The data:
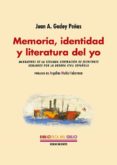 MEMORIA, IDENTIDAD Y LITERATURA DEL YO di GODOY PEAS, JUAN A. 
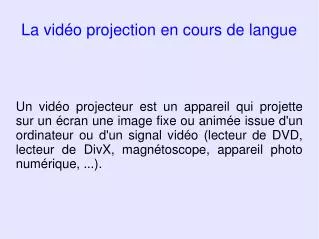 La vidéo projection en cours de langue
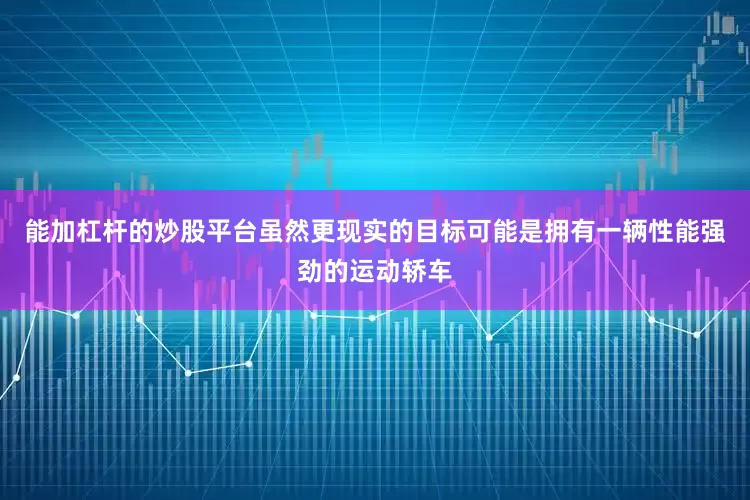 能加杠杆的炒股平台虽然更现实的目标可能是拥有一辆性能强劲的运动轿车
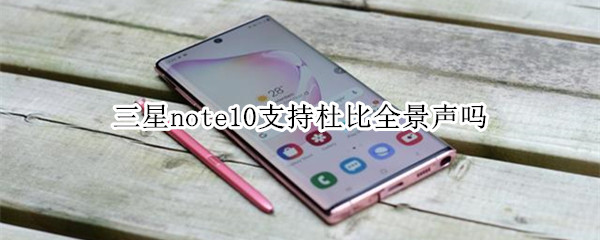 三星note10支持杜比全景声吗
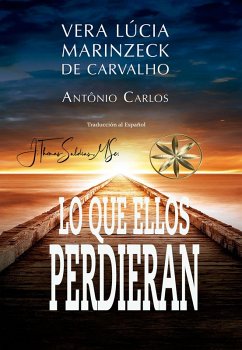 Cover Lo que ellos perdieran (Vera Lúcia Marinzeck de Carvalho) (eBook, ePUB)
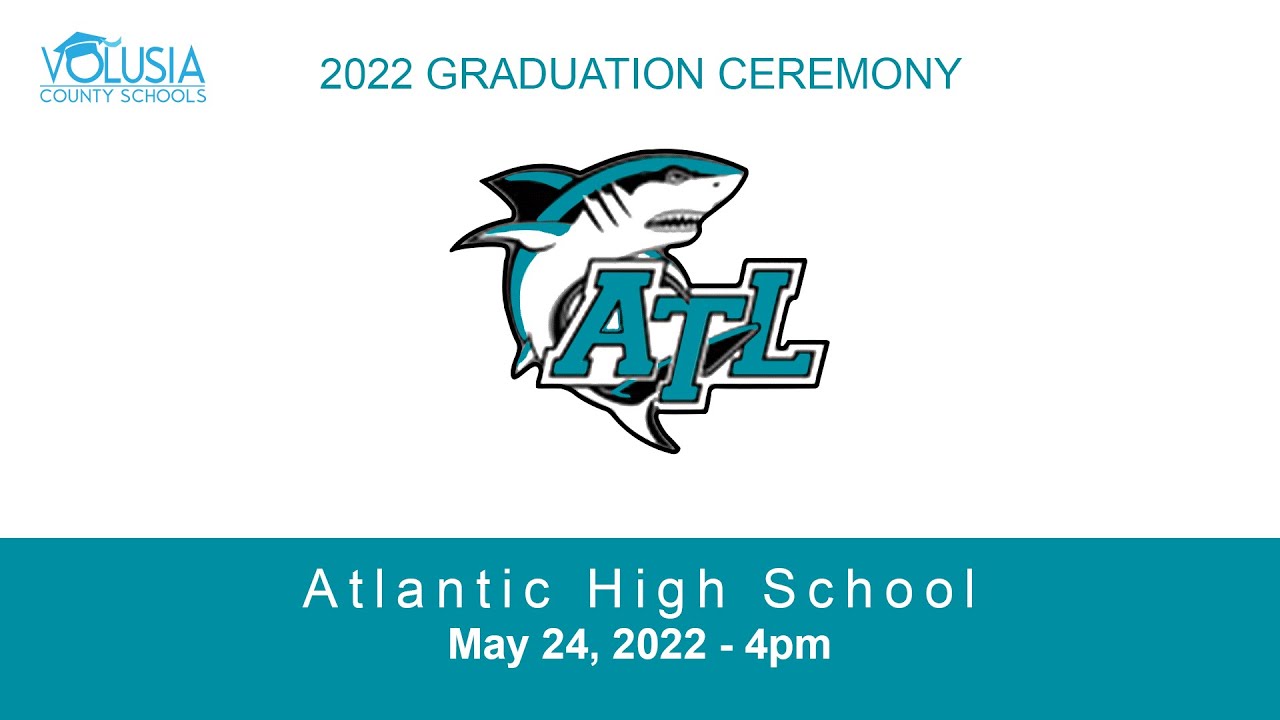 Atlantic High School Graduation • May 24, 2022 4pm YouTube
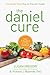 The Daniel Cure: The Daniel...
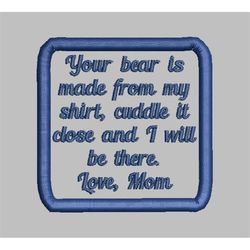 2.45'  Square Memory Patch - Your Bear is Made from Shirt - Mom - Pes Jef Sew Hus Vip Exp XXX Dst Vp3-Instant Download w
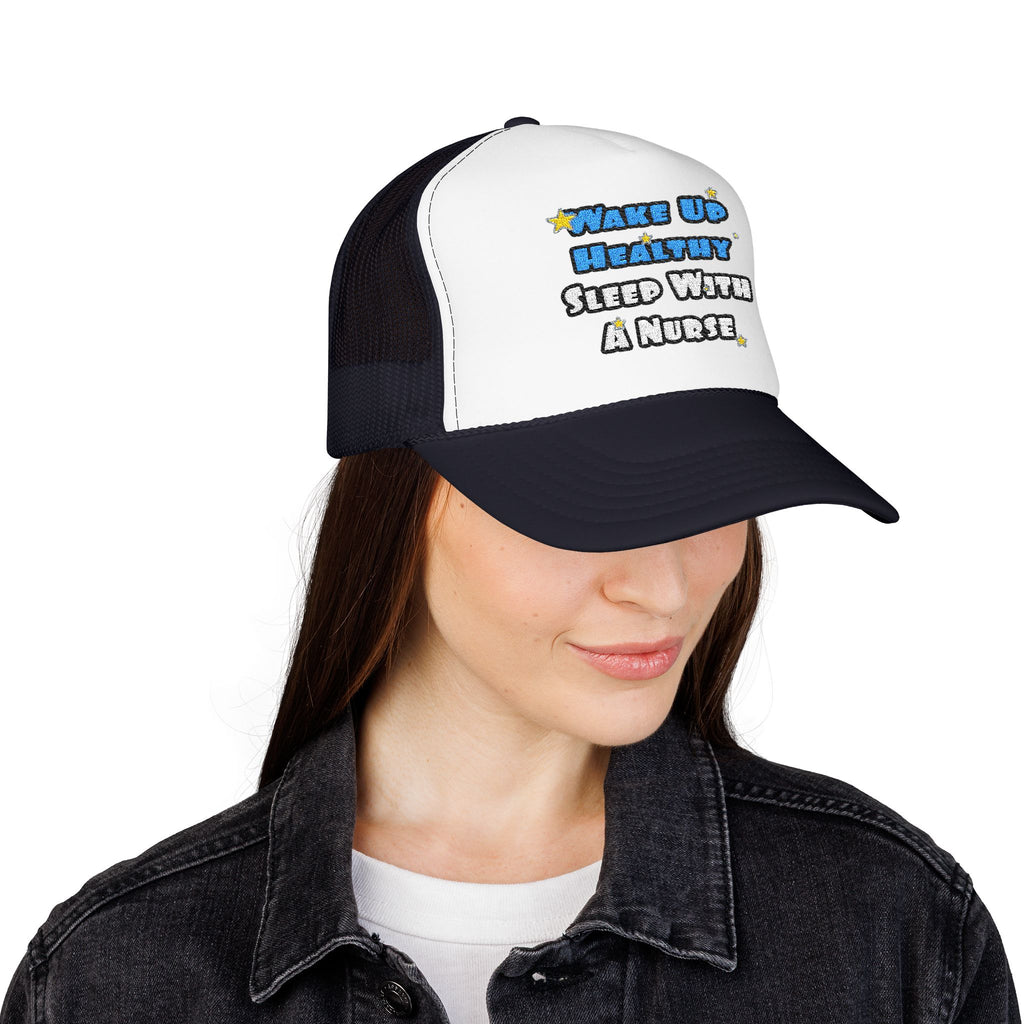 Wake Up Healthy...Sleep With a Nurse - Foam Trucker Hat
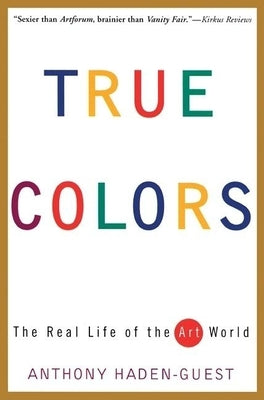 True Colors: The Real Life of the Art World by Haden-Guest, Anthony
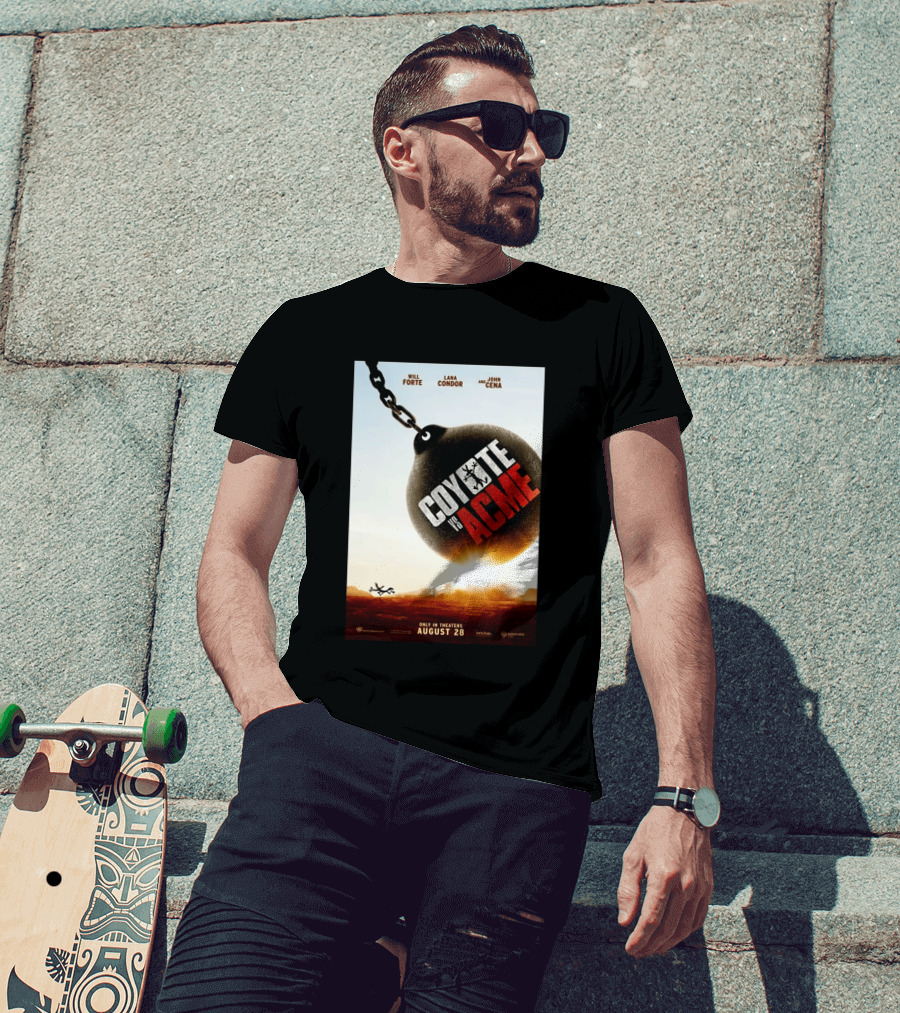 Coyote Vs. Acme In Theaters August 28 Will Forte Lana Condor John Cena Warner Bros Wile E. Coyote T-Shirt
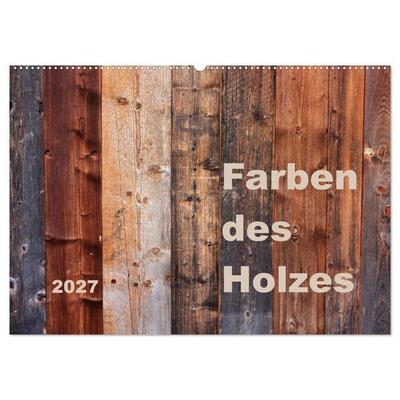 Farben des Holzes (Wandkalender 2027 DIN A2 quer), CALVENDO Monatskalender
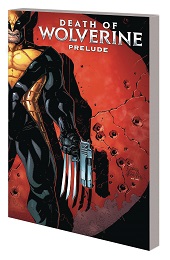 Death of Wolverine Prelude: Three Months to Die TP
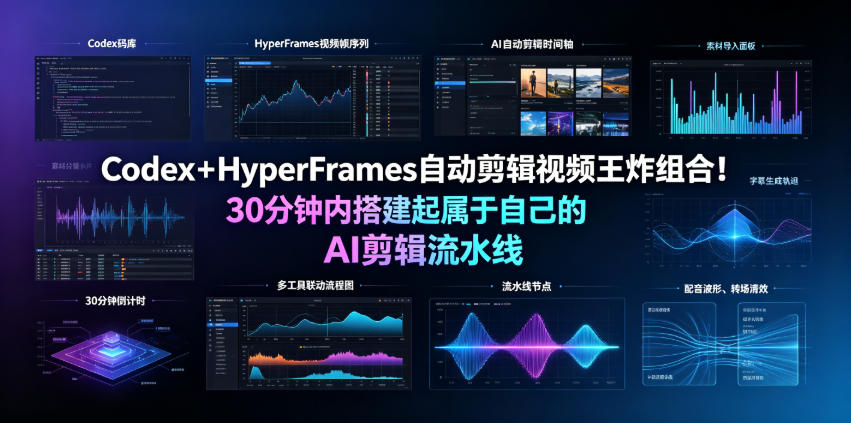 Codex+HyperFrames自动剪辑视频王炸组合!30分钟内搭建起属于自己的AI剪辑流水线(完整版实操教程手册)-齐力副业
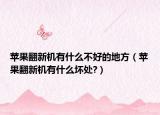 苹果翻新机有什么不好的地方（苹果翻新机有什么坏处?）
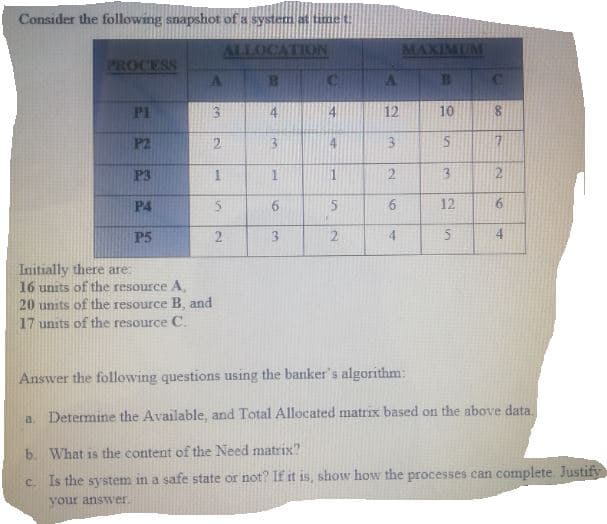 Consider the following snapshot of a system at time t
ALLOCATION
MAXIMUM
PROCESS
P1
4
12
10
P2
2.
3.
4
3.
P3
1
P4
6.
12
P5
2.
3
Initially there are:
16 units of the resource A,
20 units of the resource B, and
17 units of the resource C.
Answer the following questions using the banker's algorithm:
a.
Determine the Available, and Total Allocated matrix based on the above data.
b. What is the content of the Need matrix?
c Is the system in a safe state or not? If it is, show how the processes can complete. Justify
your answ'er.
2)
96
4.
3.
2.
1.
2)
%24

Activity:
Omit the pictures and output all of the other material exactly.

The answer:
 MEMORIA, IDENTIDAD Y LITERATURA DEL YO di GODOY PEAS, JUAN A. 
 La vidéo projection en cours de langue
 能加杠杆的炒股平台虽然更现实的目标可能是拥有一辆性能强劲的运动轿车
 三星note10支持杜比全景声吗
 Cover Lo que ellos perdieran (Vera Lúcia Marinzeck de Carvalho) (eBook, ePUB)
 Atlantic High School Graduation • May 24, 2022 4pm YouTube
 The Daniel Cure: The Daniel...
 2.45'  Square Memory Patch - Your Bear is Made from Shirt - Mom - Pes Jef Sew Hus Vip Exp XXX Dst Vp3-Instant Download w
 Wake Up Healthy...Sleep With a Nurse - Foam Trucker Hat
 True Colors: The Real Life of the Art World by Haden-Guest, Anthony
 Coyote Vs. Acme In Theaters August 28 Will Forte Lana Condor John Cena Warner Bros Wile E. Coyote T-Shirt
 Farben des Holzes (Wandkalender 2027 DIN A2 quer), CALVENDO Monatskalender
 Death of Wolverine Prelude: Three Months to Die TP
 Codex+HyperFrames自动剪辑视频王炸组合!30分钟内搭建起属于自己的AI剪辑流水线(完整版实操教程手册)-齐力副业
 苹果翻新机有什么不好的地方（苹果翻新机有什么坏处?）
 Consider the following snapshot of a system at time t
ALLOCATION
MAXIMUM
PROCESS
P1
4
12
10
P2
2.
3.
4
3.
P3
1
P4
6.
12
P5
2.
3
Initially there are:
16 units of the resource A,
20 units of the resource B, and
17 units of the resource C.
Answer the following questions using the banker's algorithm:
a.
Determine the Available, and Total Allocated matrix based on the above data.
b. What is the content of the Need matrix?
c Is the system in a safe state or not? If it is, show how the processes can complete. Justify
your answ'er.
2)
96
4.
3.
2.
1.
2)
%24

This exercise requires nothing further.